INFORMATION:
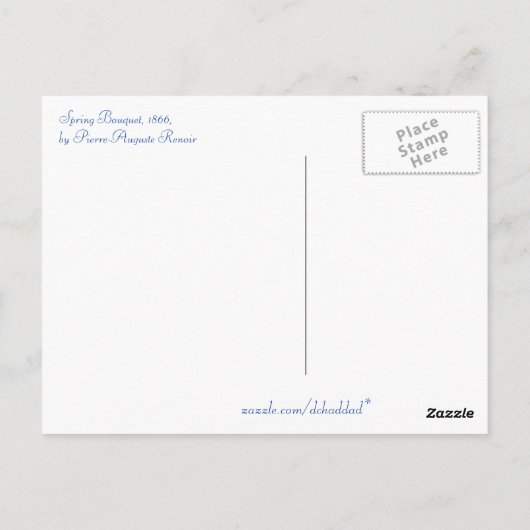 Renoir's "Spring Bouquet" - Briefkaart (Achterkant)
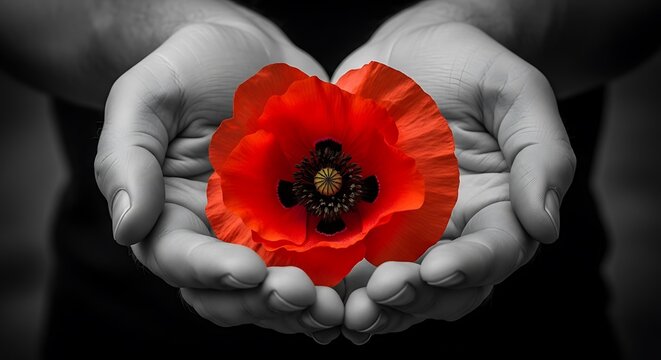 Red poppy held in cupped hands against black and white background flower
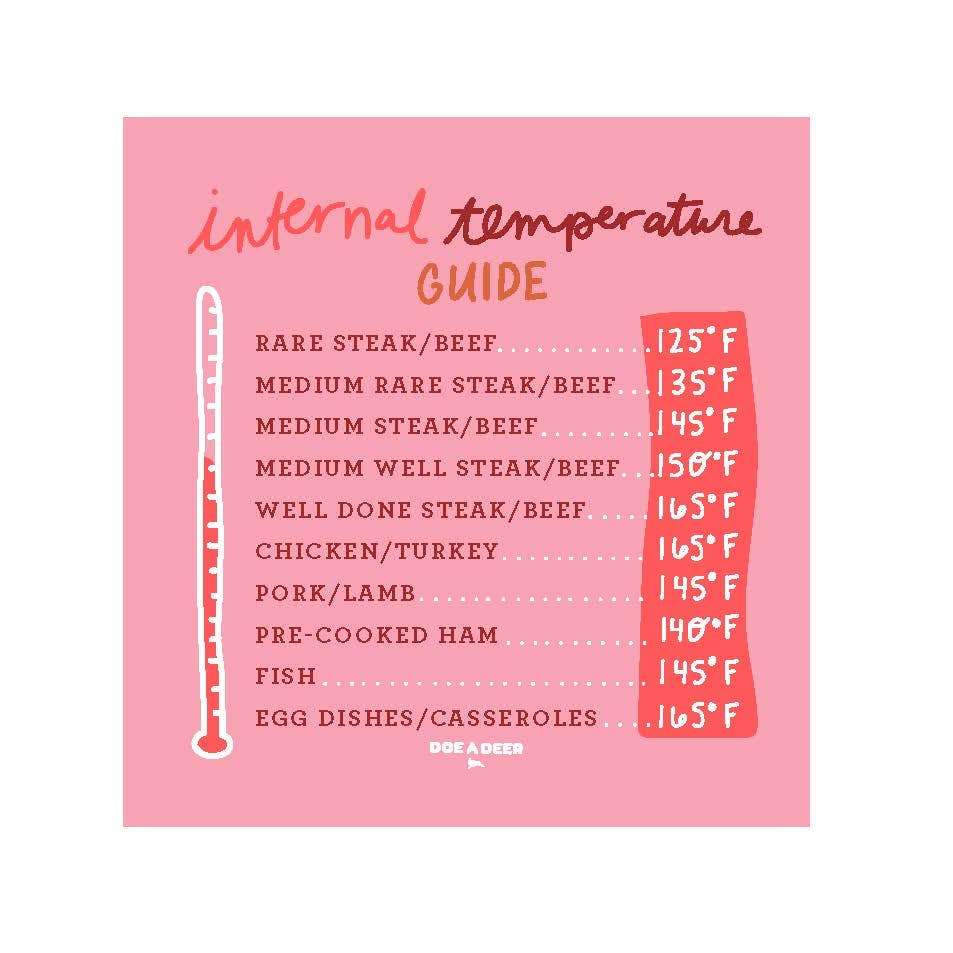 Internal temperature guide cute and helpful magnet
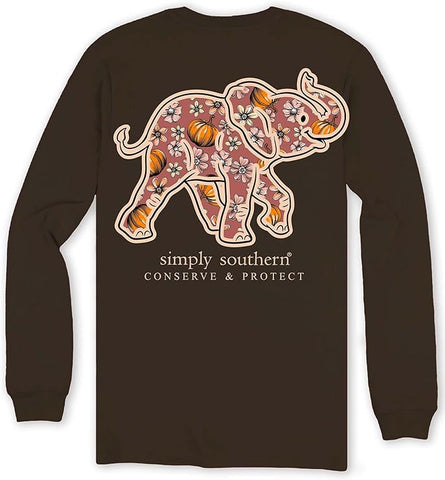 Elephant - Pumpkin Pattern - Conserve and Protect  - SS - F24 - YOUTH Long Sleeve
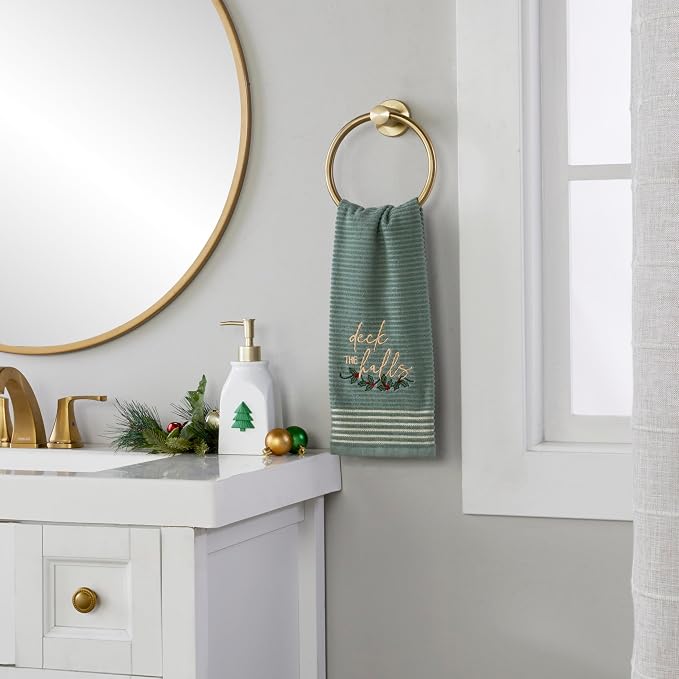 SKL Home Christmas/Winter Deck The Halls Hand Towel Set, Green (2-Pack)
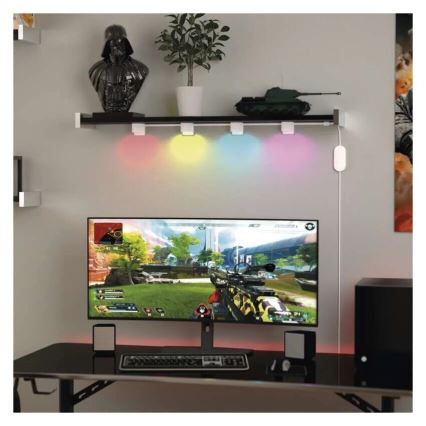LED RGBIC+CCT Dekorationslichterkette mit Punktbeleuchtung GoSmart - Erweiterung 4xLED/7W/230V 85 cm Wi-Fi Tuya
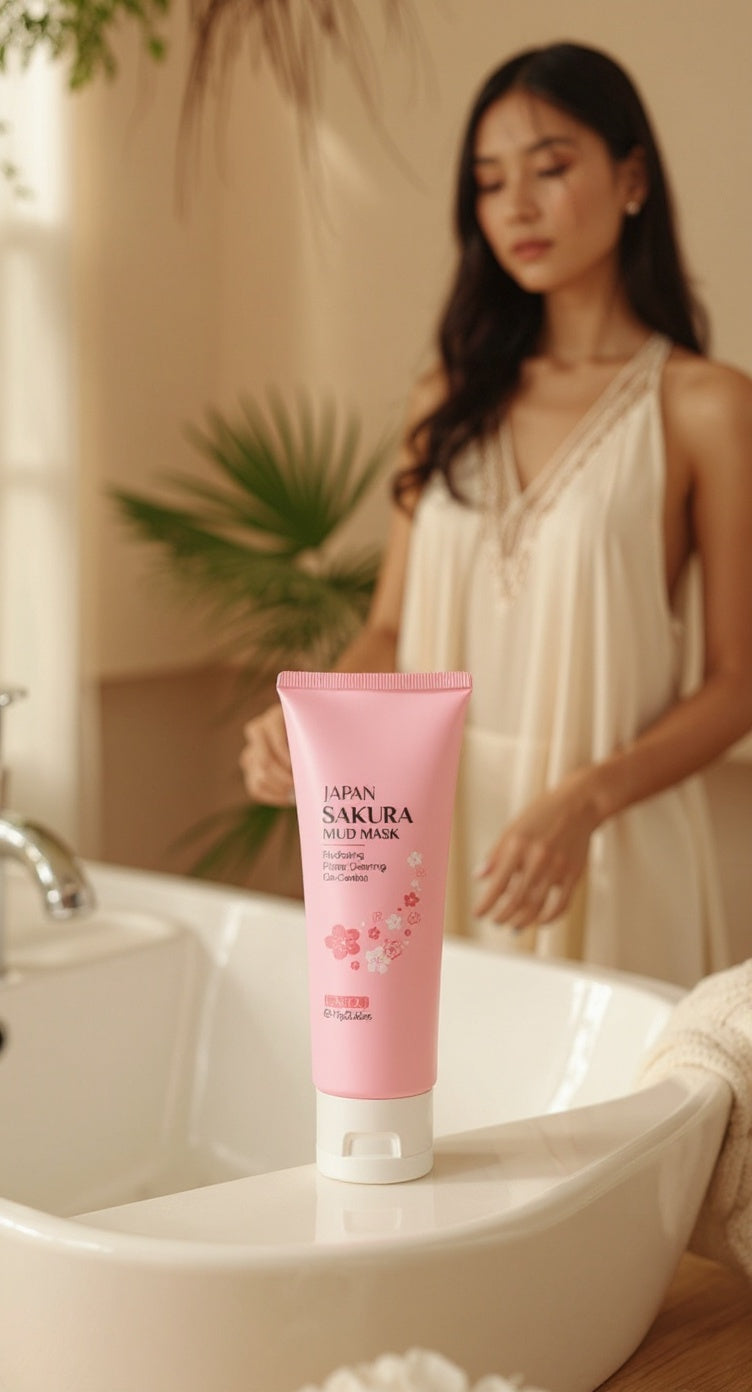 Masque visage Sakura purifiant & hydratant – Pink Mud Mask - Orra Atelier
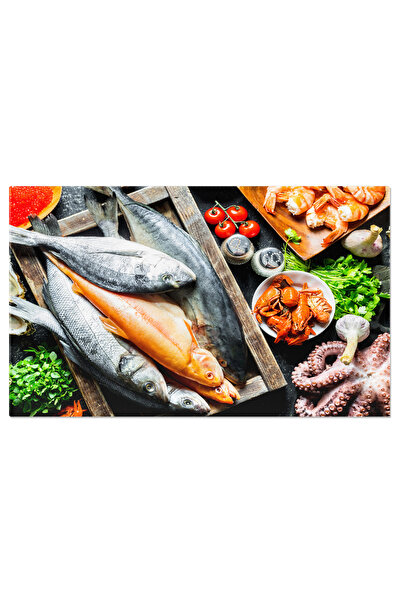 StoryGift Romania Tablou Canvas Peste De Mare Pe Un Tava Cu Caracatita, Ierburi Si Usturoi, O Delicatesa Din Adan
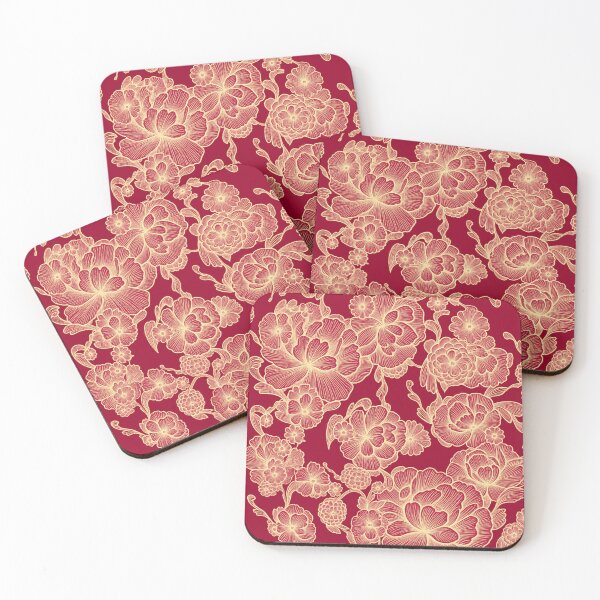 Item preview, Marie – Red & Gold Baroque Floral Pattern designed and sold by Le royaume des fleurs.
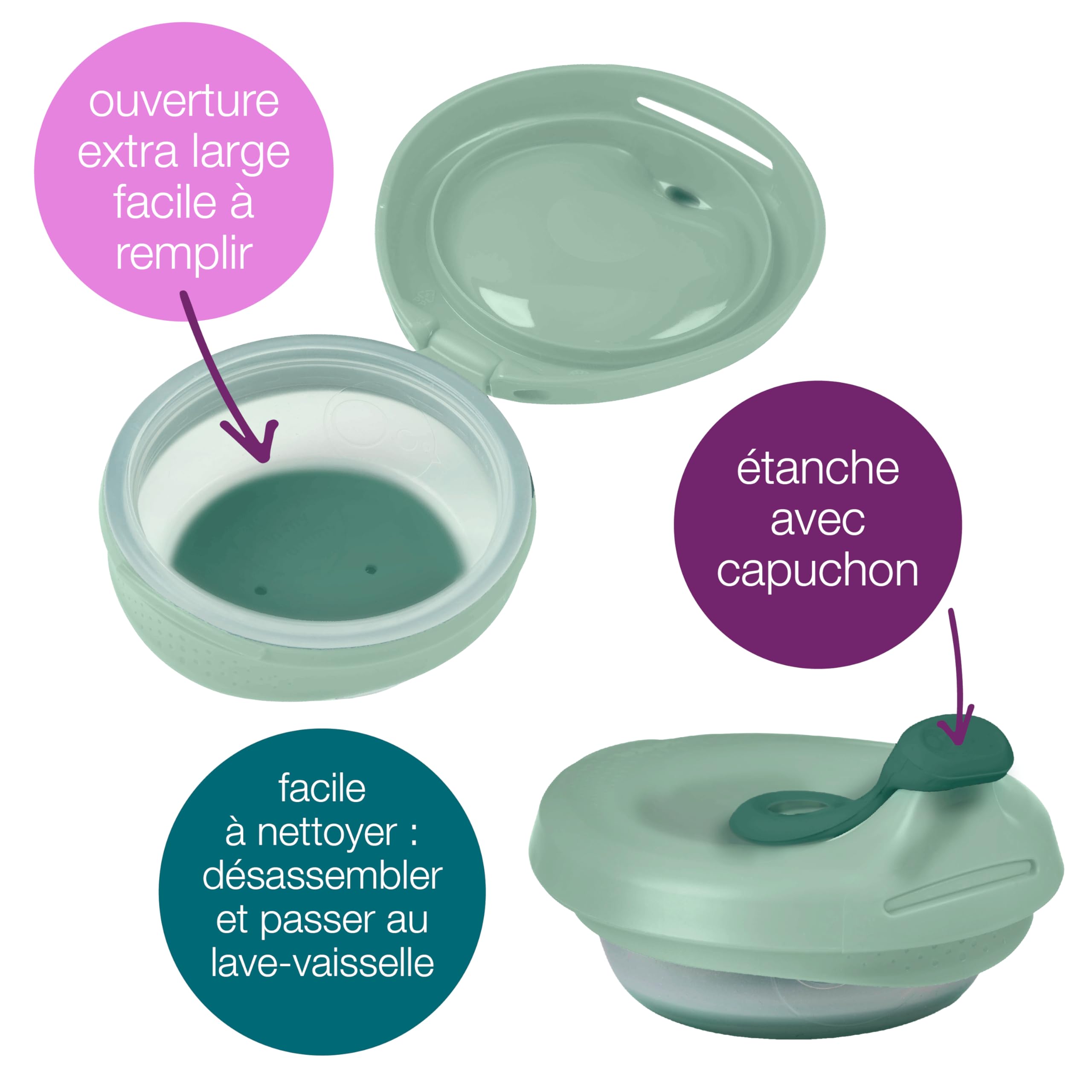 b.box Fill+Feed | Boite Repas Réutilisable pour Bébé | Boite de Conservation Alimentaire en Silicone avec Couvercle | Passe au Lave-Vaisselle et au Micro-ondes | Sans BPA | Dès 4 Mois | 110 ml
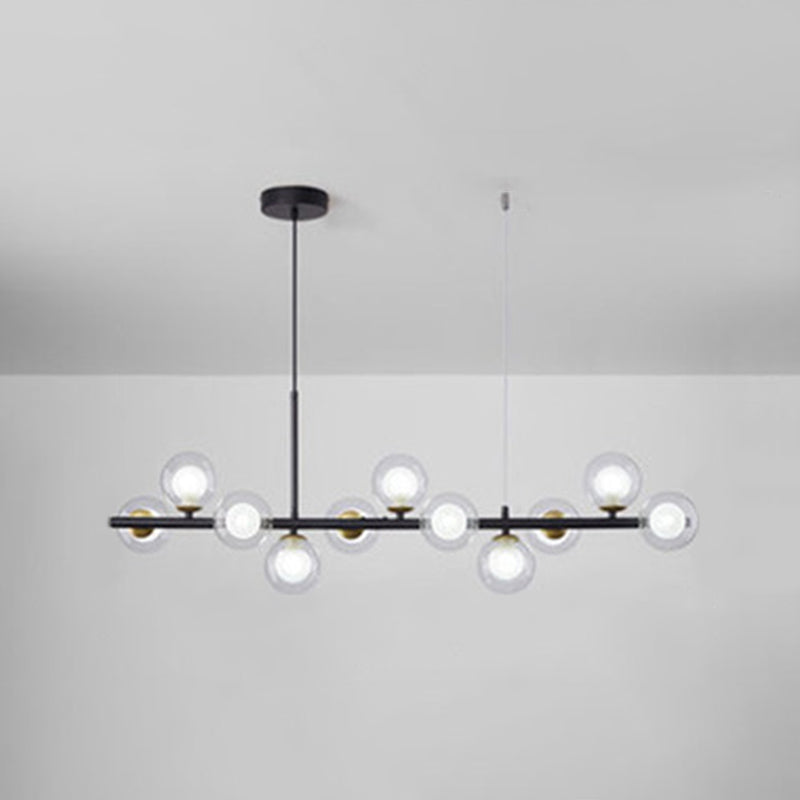 Round Island Chandelier Lights Contemporary Glass Chandelier Lighting Fixtures for Dining Table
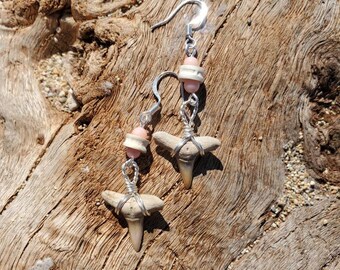 Fossilized Shark Tooth Earrings with Pink Coral and Shark Vertebrae on Silver Plated Hooks Dangle Drop Fossil Wire Wrapped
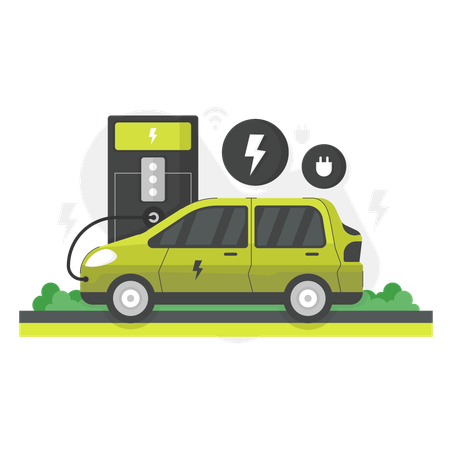 Voiture électrique  Illustration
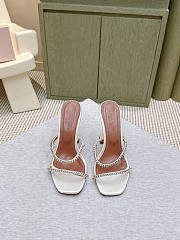 Amina Muaddi Gigi Slipper 95 White Satin And White Crystals - 4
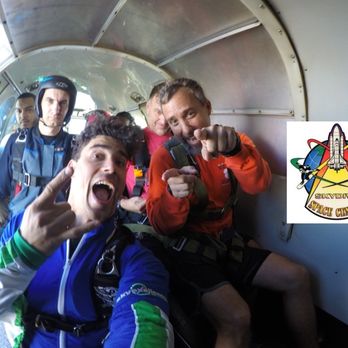 Skydive Space Center - Maksim, Uwe and the other members of the 18,000 foot club! - Skydiving Near Me - Titusville, Florida Skydive Space Center - Maksim, Uwe and the other members of the 18,000 foot club! - Skydiving Near Me - Titusville, Florida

WHAT THIS TASK INVOLVES: Start with the first line of the records above and end with the line containing "Masque visage Sakura". Output those lines exactly, pictures excluded.

OUTPUT:
 Renoir's "Spring Bouquet" - Briefkaart (Achterkant)
 Red poppy held in cupped hands against black and white background flower
 Internal temperature guide cute and helpful magnet
 Elephant - Pumpkin Pattern - Conserve and Protect  - SS - F24 - YOUTH Long Sleeve
 SKL Home Christmas/Winter Deck The Halls Hand Towel Set, Green (2-Pack)
LED RGBIC+CCT Dekorationslichterkette mit Punktbeleuchtung GoSmart - Erweiterung 4xLED/7W/230V 85 cm Wi-Fi Tuya
 Masque visage Sakura purifiant & hydratant – Pink Mud Mask - Orra Atelier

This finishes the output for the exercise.